4.4 KiB
| title |
|---|
| Development VM |
To ensure compatibility across distribution, this project ships a wide range of development and tests VM images.
The test VMs can be built locally using cloud-init, packer on Qemu/KVM using Libvirt. No other hypervisor will be targeted for these tests. The files that generate these images can be found in the tests/packer directory.
The VMs are fully managed using a justfile that provides an integration environment helper for apparmor.d.
$ just
Available recipes:
help # Show this help message
clean # Remove all build artifacts
[build]
build # Build the go programs
enforce # Prebuild the profiles in enforced mode
complain # Prebuild the profiles in complain mode
fsp # Prebuild the profiles in FSP mode
fsp-complain # Prebuild the profiles in FSP mode (complain)
fsp-debug # Prebuild the profiles in FSP mode (debug)
[install]
install # Install prebuild profiles
local +names # Locally install prebuild profiles
dev name # Prebuild, install, and load a dev profile
[packages]
pkg # Build & install apparmor.d on Arch based systems
dpkg # Build & install apparmor.d on Debian based systems
rpm # Build & install apparmor.d on OpenSUSE based systems
package dist # Build the package in a clean OCI container
[tests]
tests # Run the unit tests
init dist flavor # Install dependencies for the bats integration tests
integration dist flavor # Run the integration tests on the machine
[linter]
lint # Run the linters
check # Run style checks on the profiles
[docs]
man # Generate the man pages
docs # Build the documentation
serve # Serve the documentation
[vm]
img dist flavor # Build the VM image
create dist flavor # Create the machine
up dist flavor # Start a machine
halt dist flavor # Stops the machine
reboot dist flavor # Reboot the machine
destroy dist flavor # Destroy the machine
ssh dist flavor # Connect to the machine
list # List the machines
images # List the VM images
available # List the VM images that can be created
See https://apparmor.pujol.io/development/ for more information.
Requirements
!!! note
You may need to edit some settings to fit your setup:
- The default ssh key and ISO directory in `tests/packer/variables.pkr.hcl`
Build
One can see the available images by running:
$ just available
Distribution Flavor
archlinux gnome
archlinux kde
archlinux server
archlinux xfce
debian12 gnome
debian12 kde
debian12 server
ubuntu24 server
...
A VM image can be build with:
$ just img archlinux gnome
The image will then be showed in the list of images:
$ just images
Distribution Flavor Size Date
archlinux gnome 3.3G Mar 1 14:49
The VM can then be created with:
$ just create archlinux gnome
And connected to with:
$ just ssh archlinux gnome
Develop
Credentials
The admin user is: user, its password is: user.
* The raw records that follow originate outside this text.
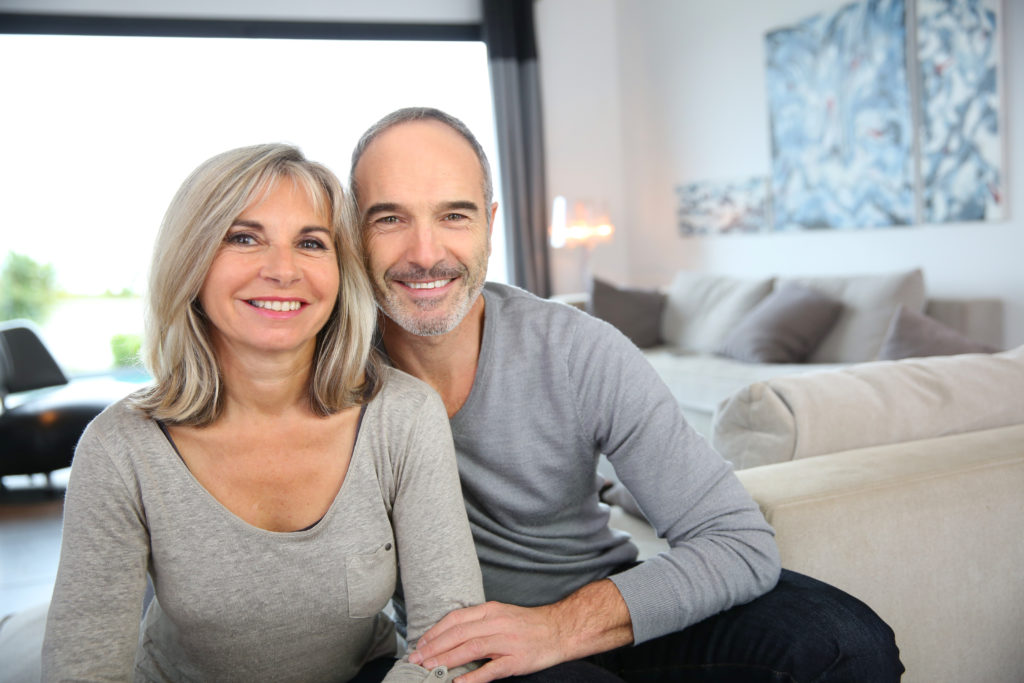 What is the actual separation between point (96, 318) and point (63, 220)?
774mm

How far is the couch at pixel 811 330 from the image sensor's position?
11.8 feet

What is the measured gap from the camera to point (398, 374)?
137 centimetres

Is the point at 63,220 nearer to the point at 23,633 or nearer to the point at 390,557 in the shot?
the point at 23,633

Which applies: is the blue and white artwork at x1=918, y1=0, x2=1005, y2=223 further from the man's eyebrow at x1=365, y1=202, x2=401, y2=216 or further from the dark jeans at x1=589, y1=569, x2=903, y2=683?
the man's eyebrow at x1=365, y1=202, x2=401, y2=216

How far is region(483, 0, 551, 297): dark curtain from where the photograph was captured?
6.23m

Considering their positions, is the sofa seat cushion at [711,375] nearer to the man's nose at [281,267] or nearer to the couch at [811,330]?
the couch at [811,330]

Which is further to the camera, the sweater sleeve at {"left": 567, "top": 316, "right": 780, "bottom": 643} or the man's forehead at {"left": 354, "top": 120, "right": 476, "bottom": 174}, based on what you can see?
the man's forehead at {"left": 354, "top": 120, "right": 476, "bottom": 174}

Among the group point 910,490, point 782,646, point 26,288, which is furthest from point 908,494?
point 26,288

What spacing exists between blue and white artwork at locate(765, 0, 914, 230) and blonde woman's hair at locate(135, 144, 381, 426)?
3.82 m

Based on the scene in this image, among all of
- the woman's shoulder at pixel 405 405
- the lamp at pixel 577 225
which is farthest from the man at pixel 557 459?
the lamp at pixel 577 225

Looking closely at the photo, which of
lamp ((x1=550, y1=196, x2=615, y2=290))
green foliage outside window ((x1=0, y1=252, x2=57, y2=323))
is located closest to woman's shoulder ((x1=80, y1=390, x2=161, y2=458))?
lamp ((x1=550, y1=196, x2=615, y2=290))

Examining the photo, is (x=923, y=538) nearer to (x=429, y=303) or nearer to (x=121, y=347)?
(x=429, y=303)

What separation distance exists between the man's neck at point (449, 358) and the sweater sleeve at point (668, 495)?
0.18 metres

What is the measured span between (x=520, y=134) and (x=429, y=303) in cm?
520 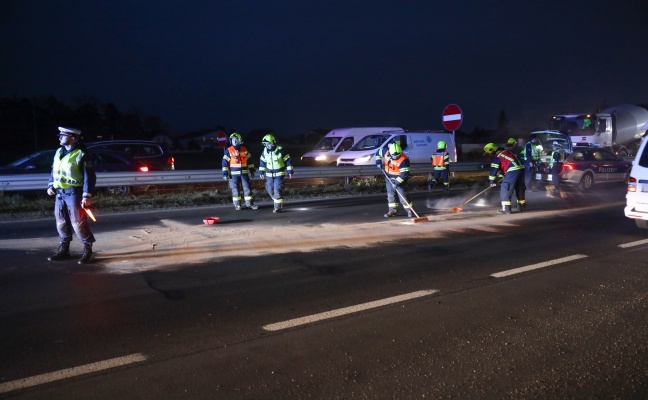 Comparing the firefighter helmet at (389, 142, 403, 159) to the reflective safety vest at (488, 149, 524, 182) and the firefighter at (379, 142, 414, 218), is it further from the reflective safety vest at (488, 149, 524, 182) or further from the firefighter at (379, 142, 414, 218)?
the reflective safety vest at (488, 149, 524, 182)

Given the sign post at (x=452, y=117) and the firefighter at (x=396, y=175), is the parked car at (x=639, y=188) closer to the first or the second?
the firefighter at (x=396, y=175)

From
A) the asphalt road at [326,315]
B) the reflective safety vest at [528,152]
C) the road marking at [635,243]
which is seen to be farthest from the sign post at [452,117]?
the road marking at [635,243]

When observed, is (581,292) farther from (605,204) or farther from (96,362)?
(605,204)

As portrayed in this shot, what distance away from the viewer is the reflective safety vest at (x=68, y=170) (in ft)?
22.9

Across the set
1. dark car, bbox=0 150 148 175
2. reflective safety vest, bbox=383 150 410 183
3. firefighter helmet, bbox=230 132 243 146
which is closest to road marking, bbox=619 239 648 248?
reflective safety vest, bbox=383 150 410 183

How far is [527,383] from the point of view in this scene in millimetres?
3787

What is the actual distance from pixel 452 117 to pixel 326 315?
473 inches

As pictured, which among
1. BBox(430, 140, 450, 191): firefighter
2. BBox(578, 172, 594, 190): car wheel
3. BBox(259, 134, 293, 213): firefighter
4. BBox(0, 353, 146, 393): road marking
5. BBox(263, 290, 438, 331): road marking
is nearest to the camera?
BBox(0, 353, 146, 393): road marking

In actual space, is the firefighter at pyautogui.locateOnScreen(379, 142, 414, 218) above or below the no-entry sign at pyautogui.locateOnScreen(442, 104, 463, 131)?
below

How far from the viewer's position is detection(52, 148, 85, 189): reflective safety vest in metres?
6.98

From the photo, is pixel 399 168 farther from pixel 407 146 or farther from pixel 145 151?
pixel 407 146

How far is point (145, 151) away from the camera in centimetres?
1772

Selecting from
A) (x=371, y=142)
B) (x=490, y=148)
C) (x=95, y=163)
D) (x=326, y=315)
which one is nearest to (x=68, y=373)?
(x=326, y=315)

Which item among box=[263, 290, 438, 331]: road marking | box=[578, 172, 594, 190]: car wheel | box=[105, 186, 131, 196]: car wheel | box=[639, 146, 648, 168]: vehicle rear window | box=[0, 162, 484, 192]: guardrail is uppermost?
box=[639, 146, 648, 168]: vehicle rear window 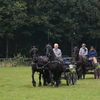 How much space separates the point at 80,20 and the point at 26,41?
848cm

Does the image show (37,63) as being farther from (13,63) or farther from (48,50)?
(13,63)

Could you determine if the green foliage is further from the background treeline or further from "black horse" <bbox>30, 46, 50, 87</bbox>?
"black horse" <bbox>30, 46, 50, 87</bbox>

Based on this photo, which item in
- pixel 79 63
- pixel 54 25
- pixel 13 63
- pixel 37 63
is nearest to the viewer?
pixel 37 63

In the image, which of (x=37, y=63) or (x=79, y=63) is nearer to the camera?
(x=37, y=63)

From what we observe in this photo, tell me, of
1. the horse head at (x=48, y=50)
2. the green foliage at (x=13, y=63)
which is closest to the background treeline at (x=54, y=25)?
the green foliage at (x=13, y=63)

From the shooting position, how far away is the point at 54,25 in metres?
43.1

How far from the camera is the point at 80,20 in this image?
44.9 meters

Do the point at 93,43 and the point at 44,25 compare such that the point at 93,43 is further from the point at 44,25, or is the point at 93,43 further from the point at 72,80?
the point at 72,80

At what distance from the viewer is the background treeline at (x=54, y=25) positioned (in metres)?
41.8

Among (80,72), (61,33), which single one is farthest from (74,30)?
(80,72)

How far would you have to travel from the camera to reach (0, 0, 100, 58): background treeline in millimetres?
41812

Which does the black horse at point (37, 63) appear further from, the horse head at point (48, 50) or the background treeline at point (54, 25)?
the background treeline at point (54, 25)

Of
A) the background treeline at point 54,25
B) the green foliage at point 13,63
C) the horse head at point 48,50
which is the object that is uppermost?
the background treeline at point 54,25

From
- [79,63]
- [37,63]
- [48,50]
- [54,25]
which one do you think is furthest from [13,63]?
[48,50] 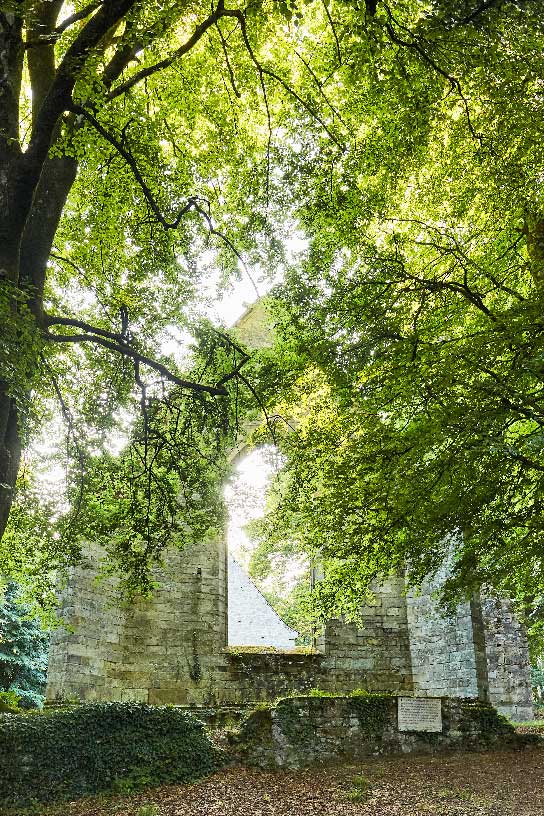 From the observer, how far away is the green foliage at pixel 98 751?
7305mm

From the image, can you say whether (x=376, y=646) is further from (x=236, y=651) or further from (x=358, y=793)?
(x=358, y=793)

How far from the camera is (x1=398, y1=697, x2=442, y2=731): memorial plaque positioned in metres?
9.73

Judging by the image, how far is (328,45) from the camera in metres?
7.93

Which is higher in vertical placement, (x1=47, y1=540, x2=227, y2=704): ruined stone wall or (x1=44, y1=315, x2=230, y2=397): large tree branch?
(x1=44, y1=315, x2=230, y2=397): large tree branch

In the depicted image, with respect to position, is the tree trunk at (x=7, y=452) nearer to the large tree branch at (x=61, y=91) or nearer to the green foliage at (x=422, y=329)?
the large tree branch at (x=61, y=91)

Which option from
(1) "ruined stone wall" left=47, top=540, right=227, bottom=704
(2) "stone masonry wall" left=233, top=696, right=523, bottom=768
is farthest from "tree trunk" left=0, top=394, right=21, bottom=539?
(1) "ruined stone wall" left=47, top=540, right=227, bottom=704

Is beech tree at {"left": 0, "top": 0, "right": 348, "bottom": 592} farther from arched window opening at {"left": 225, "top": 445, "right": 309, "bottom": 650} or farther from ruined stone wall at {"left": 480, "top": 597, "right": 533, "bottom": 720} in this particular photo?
ruined stone wall at {"left": 480, "top": 597, "right": 533, "bottom": 720}

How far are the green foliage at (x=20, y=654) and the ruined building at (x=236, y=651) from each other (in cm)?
486

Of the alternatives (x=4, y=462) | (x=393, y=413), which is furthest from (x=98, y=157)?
(x=393, y=413)

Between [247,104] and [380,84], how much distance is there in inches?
123

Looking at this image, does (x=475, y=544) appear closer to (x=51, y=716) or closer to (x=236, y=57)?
(x=51, y=716)

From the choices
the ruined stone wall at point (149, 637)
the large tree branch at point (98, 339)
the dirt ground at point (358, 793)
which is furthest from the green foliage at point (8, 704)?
the large tree branch at point (98, 339)

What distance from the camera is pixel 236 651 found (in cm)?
1254

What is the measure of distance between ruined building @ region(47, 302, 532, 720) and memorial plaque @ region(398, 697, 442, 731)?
5.72 ft
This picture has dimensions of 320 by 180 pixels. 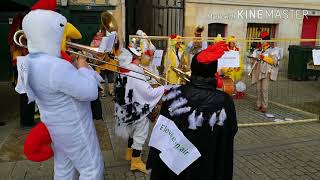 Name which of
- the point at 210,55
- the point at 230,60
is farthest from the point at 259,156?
the point at 210,55

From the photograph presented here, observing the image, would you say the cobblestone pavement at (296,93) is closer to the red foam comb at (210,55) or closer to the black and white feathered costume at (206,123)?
the black and white feathered costume at (206,123)

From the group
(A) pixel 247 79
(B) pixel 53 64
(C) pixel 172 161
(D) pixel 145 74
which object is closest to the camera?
(C) pixel 172 161

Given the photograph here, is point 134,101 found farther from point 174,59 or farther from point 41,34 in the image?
point 174,59

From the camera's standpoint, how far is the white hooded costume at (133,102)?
4.41m

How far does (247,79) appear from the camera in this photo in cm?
904

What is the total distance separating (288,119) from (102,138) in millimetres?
3961

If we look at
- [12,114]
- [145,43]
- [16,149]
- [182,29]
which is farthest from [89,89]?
[182,29]

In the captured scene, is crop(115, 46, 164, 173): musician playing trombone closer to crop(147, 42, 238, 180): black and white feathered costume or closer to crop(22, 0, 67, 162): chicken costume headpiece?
crop(22, 0, 67, 162): chicken costume headpiece

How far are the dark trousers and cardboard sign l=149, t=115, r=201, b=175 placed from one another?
14.0 feet

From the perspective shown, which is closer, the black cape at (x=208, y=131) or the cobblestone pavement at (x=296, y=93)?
the black cape at (x=208, y=131)

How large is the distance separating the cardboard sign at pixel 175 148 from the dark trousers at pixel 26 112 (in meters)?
4.28

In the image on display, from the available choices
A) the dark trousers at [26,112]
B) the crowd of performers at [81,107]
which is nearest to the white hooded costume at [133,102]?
the crowd of performers at [81,107]

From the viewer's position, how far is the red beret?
3.15 meters

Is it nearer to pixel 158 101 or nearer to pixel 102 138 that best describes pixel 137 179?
pixel 158 101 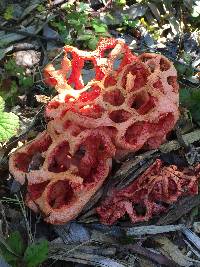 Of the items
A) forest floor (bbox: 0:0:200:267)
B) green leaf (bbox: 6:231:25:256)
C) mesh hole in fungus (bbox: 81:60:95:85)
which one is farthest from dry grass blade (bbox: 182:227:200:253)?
mesh hole in fungus (bbox: 81:60:95:85)

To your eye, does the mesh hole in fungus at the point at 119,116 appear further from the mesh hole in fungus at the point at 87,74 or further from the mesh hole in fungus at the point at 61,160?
the mesh hole in fungus at the point at 87,74

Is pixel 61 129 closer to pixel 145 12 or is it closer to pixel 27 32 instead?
pixel 27 32

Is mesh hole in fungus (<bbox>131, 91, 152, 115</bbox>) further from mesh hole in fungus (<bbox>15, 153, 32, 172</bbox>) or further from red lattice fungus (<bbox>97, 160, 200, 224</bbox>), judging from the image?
mesh hole in fungus (<bbox>15, 153, 32, 172</bbox>)

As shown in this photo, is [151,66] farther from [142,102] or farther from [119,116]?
[119,116]

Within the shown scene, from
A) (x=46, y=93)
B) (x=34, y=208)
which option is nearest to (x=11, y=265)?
(x=34, y=208)

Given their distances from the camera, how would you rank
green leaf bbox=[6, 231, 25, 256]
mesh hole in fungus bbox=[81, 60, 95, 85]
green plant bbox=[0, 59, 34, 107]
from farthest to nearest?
mesh hole in fungus bbox=[81, 60, 95, 85] < green plant bbox=[0, 59, 34, 107] < green leaf bbox=[6, 231, 25, 256]

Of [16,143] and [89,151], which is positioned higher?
[89,151]

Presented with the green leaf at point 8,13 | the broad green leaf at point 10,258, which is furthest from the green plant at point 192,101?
the green leaf at point 8,13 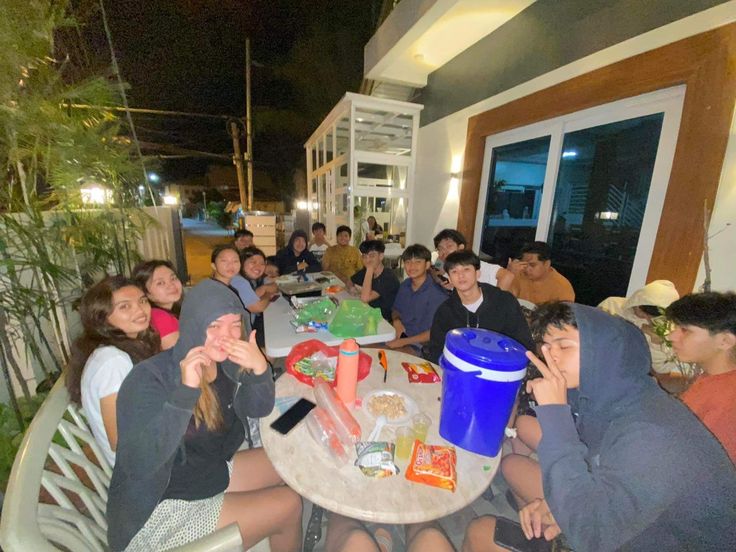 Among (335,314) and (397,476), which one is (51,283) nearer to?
(335,314)

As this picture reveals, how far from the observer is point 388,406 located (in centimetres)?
135

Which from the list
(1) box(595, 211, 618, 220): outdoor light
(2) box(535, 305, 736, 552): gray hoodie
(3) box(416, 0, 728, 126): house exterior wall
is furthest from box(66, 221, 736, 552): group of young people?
(3) box(416, 0, 728, 126): house exterior wall

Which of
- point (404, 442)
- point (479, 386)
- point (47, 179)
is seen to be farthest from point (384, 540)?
point (47, 179)

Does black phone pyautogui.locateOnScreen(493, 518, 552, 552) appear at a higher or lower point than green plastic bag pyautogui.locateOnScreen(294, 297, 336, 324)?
lower

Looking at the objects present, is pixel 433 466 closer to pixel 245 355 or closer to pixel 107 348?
pixel 245 355

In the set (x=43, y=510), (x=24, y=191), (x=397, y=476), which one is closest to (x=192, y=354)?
(x=43, y=510)

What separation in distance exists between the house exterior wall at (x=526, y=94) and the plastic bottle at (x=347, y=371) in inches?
103

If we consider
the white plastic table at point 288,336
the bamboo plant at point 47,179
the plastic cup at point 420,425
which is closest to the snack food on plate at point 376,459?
the plastic cup at point 420,425

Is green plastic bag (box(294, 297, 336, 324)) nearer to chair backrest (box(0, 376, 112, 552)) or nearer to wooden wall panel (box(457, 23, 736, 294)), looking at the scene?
chair backrest (box(0, 376, 112, 552))

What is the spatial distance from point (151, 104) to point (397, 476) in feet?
40.2

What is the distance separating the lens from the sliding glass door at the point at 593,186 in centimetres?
248

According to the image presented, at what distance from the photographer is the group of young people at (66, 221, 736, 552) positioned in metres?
0.75

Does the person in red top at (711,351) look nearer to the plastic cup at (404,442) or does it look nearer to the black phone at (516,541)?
the black phone at (516,541)

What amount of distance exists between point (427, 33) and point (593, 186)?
2.78m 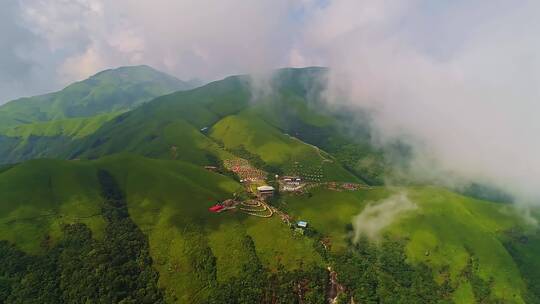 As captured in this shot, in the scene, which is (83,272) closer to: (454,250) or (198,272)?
(198,272)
It has passwordless sudo access. Automatic login is not enabled on DE. The root user is not locked.
Directories
All the images come pre-configured with the latest version of apparmor.d installed and running in the VM. The apparmor.d project directory is mounted as /home/user/Projects/apparmor.d
Usage
On all images, aa-update can be used to rebuild and install the latest version of the profiles. p, pf, and pu are two pre-configured aliases of ps that show the security status of processes. htop is also configured to show this status.